== Entries shown

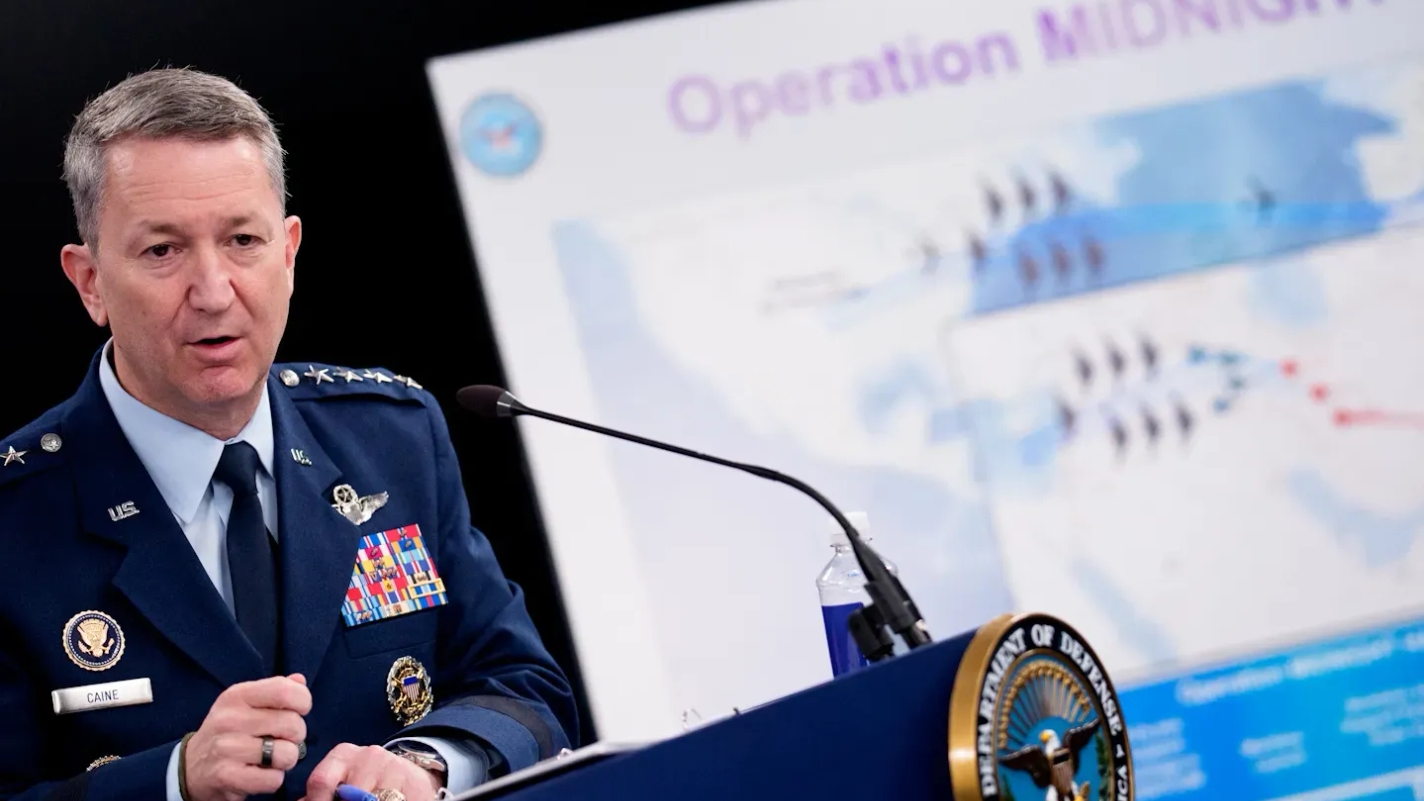 Operación «Midnight Hammer» revela táctica sorprendente en conflicto EE. UU. – Irán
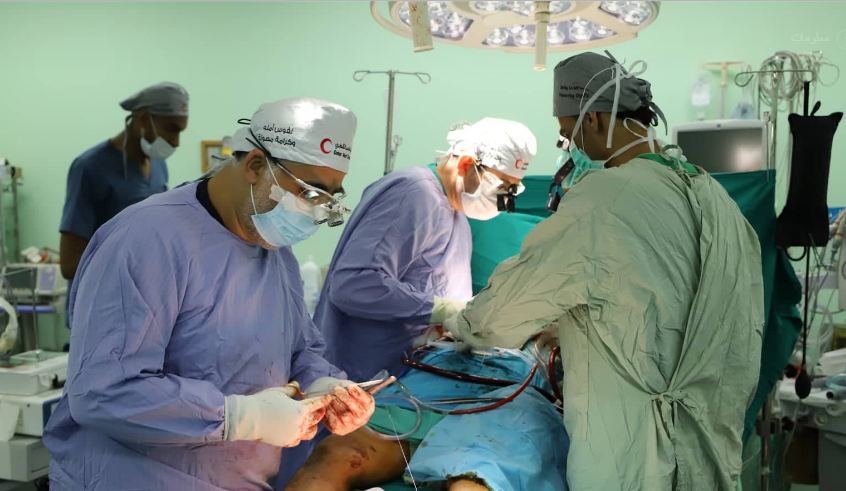 الهلال الأحمر القطري يختتم مشروع العمليات الجراحية للفقراء في غزة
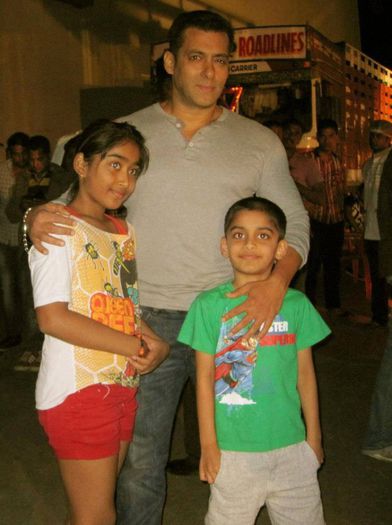 LES59 - SALMAN KHAN AND LES ENFANTS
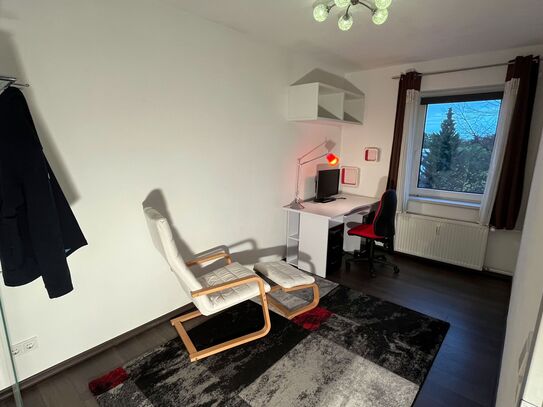 Modern, renovated, completely and high-quality equipped apartment in Hamburg-Bahrenfeld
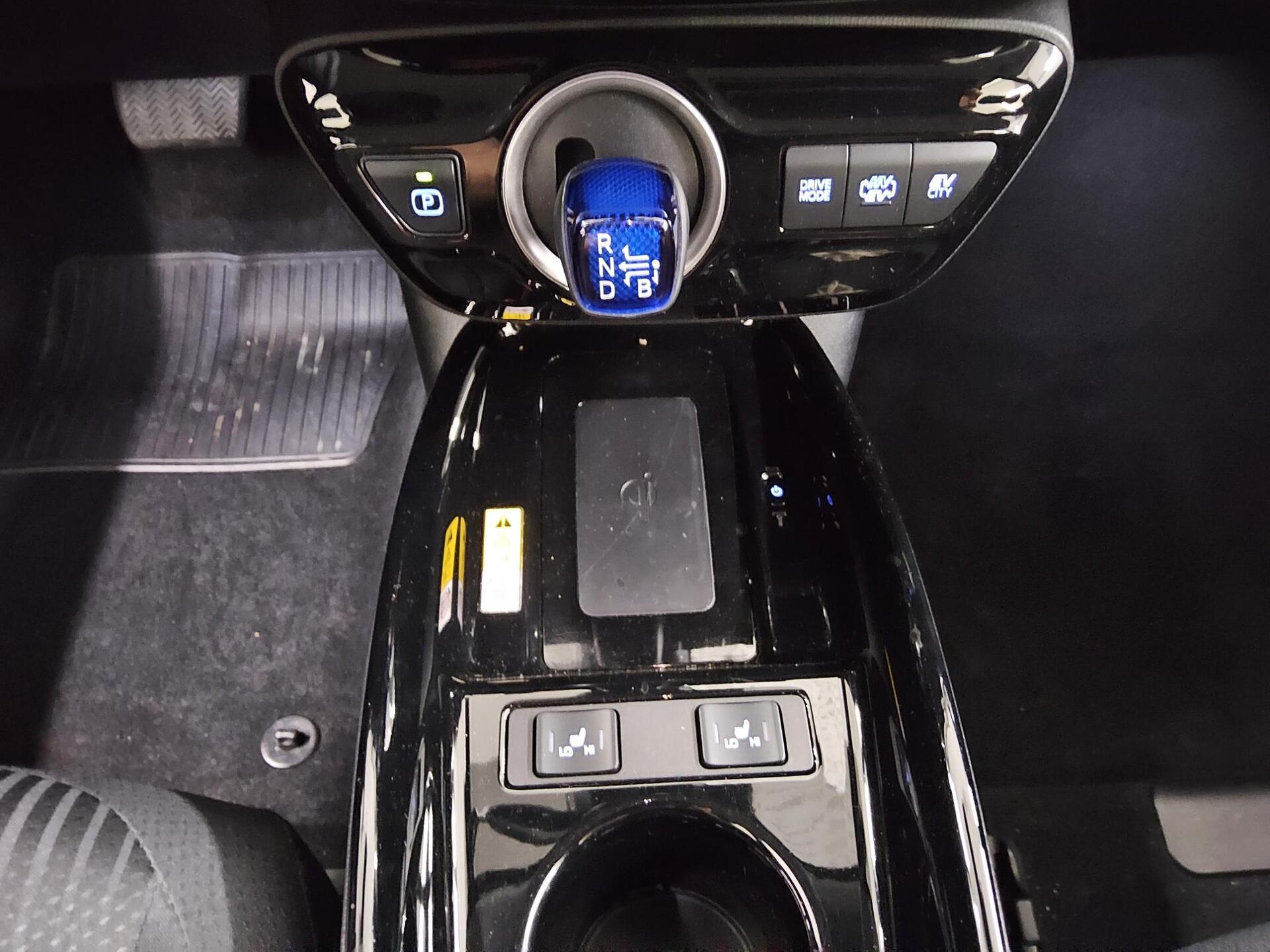 Toyota Prius Navi LED RFK SHZ Lane 6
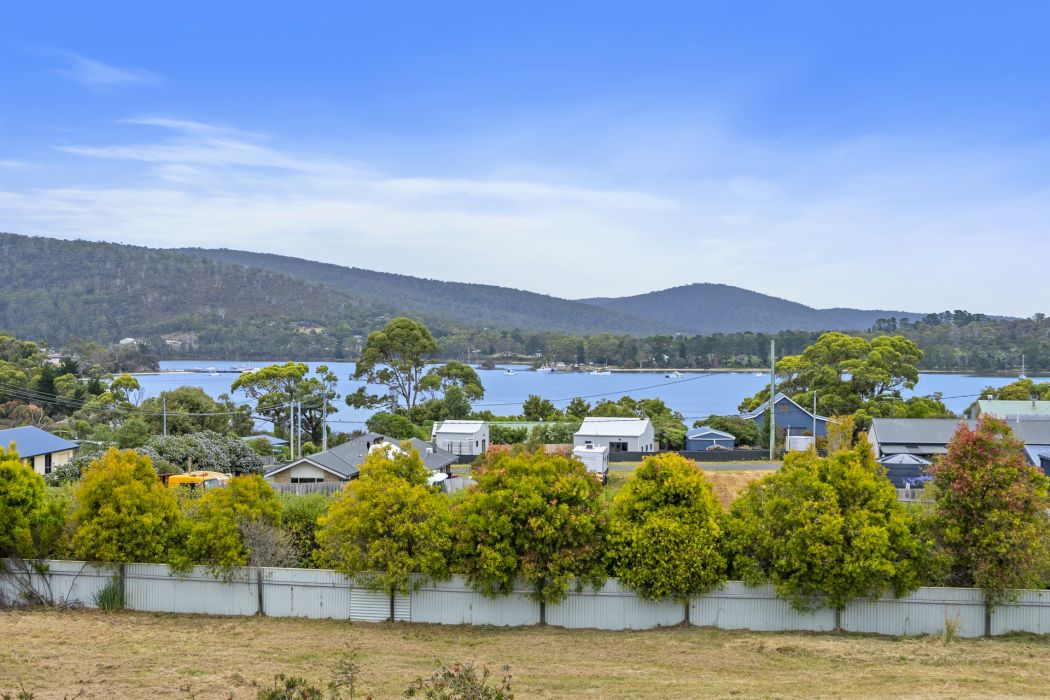 8 Peace Street, Nubeena, TAS, 7184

====

## Your objective
Before copying, set the pictures aside; then reproduce each entry above exactly.

## Exercise result
 Operación «Midnight Hammer» revela táctica sorprendente en conflicto EE. UU. – Irán
 الهلال الأحمر القطري يختتم مشروع العمليات الجراحية للفقراء في غزة
 LES59 - SALMAN KHAN AND LES ENFANTS
 Modern, renovated, completely and high-quality equipped apartment in Hamburg-Bahrenfeld
 Toyota Prius Navi LED RFK SHZ Lane 6
 8 Peace Street, Nubeena, TAS, 7184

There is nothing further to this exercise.